-------- Available data --------

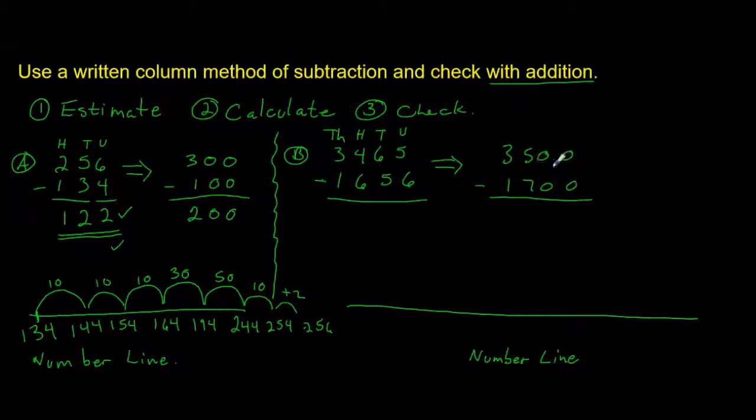So we quickly work out the estimate: 0 subtract 0 is 0; 0 subtract 0 is 0; 500 subtract 700 — we can't do that so we borrow, making it 1500 subtract 700, which leaves 800; then 2000 subtract 1000 is 1000. So our estimate is 1800. I'd like you to work the actual calculation out, then use a number line with addition to check your work. Stop the video, work it out, then restart.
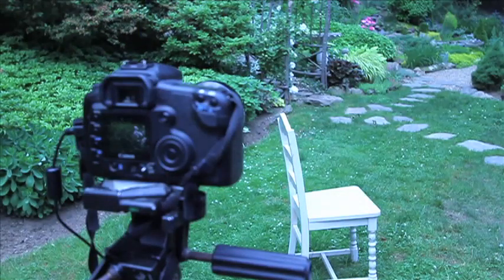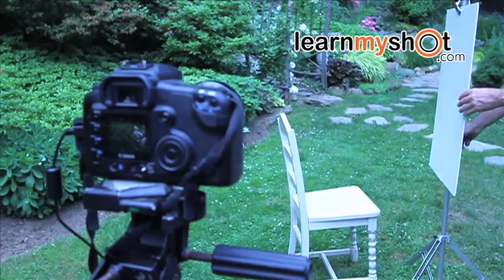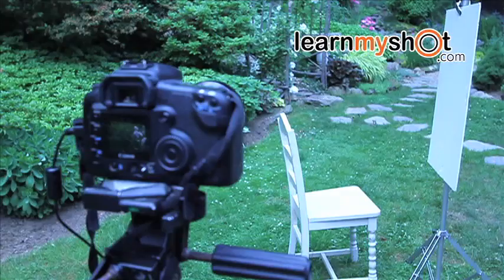We're going to add one more thing: a fill card on the right side, the opposite side of the sun, which will also help light the face and give us a more natural look. And here are our final images.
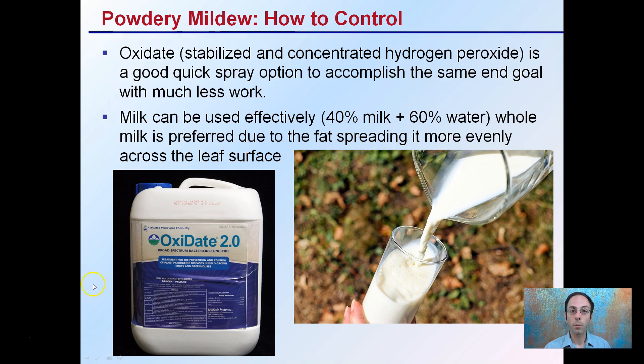If you're looking for a little bit more stable control, milk can actually be used — and that may sound a little weird or strange — but 40% milk and 60% water. Whole milk is preferred due to the fat spreading it more evenly across the leaf surface. With the pH change that occurs with milk and the coating of the leaf surface, this is a great organic way to try to control powdery mildew, especially once seen in the early stages. While this may not kill the actual mycelium, it definitely slows down the progression and ideally will prevent the initial formation of powdery mildew if you know that you're in a high-pressure situation.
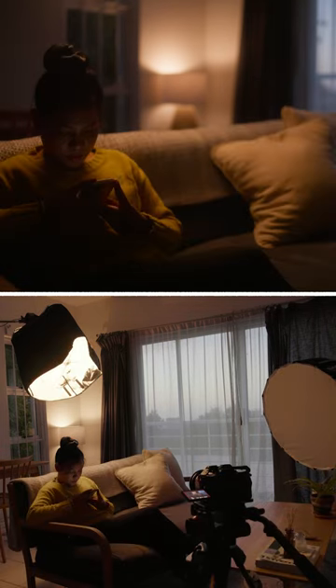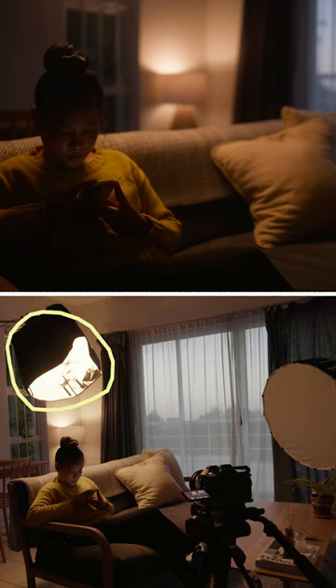To increase the strength of this light and mimic the same direction, I've rigged another warm film light as a backlight with a lantern to soften and spread it.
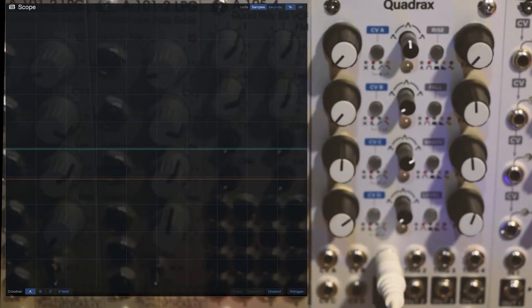In this video I'm going to use an Intellijel Quadrax envelope generator to turn my gates to pitch. I've got a single gate multed — one copy going into the gate input on a Moog Mother 32 to trigger the VCA, and the other copy going into the trig input on my Quadrax and then out into the 1V per octave input on the Mother 32.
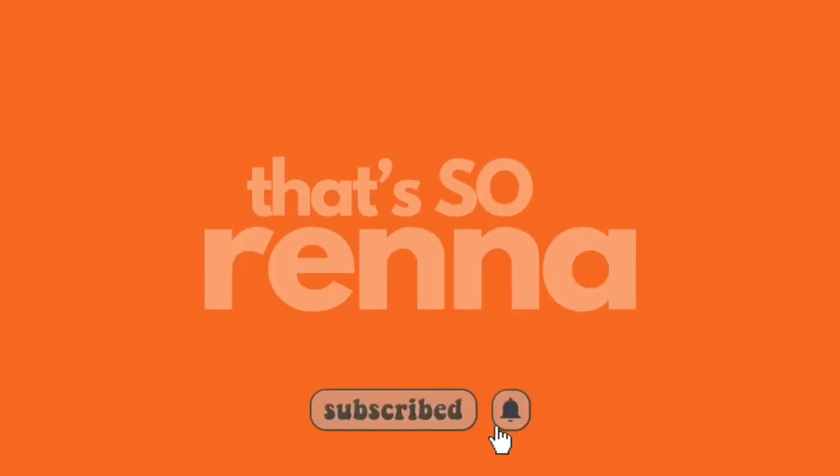Welcome back to my channel, my name is Serena — hence the intro. As you can tell by the title, we are reviewing the Win Beauty SPF skin tint. This is a new brand by Serena Williams the tennis player, and it was only fitting that I did a video on it because my name is Serena too. I'm going to be sharing my honest opinion — let's get into it.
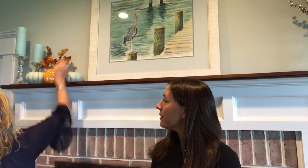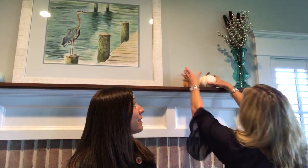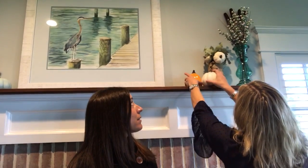You can even add some fake little leaves — you can pick those up at Michael's or AC Moore. That looks so cute! That's kind of like a clumped arrangement. You could spread those out across the mantle if you wanted to, or do something similar on the other side. Here are some more fall festive pumpkins. A lot of this stuff is at HomeGoods — I think I got these at AC Moore.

--------

**What to work on:**
Using the data above, set down each line from the line with "If you're looking" to the line with "To increase the" exactly, both ends included, and leave the pictures behind. Nothing else belongs.

**Answer to the problem:**
If you're looking for a little bit more stable control, milk can actually be used — and that may sound a little weird or strange — but 40% milk and 60% water. Whole milk is preferred due to the fat spreading it more evenly across the leaf surface. With the pH change that occurs with milk and the coating of the leaf surface, this is a great organic way to try to control powdery mildew, especially once seen in the early stages. While this may not kill the actual mycelium, it definitely slows down the progression and ideally will prevent the initial formation of powdery mildew if you know that you're in a high-pressure situation.
To increase the strength of this light and mimic the same direction, I've rigged another warm film light as a backlight with a lantern to soften and spread it.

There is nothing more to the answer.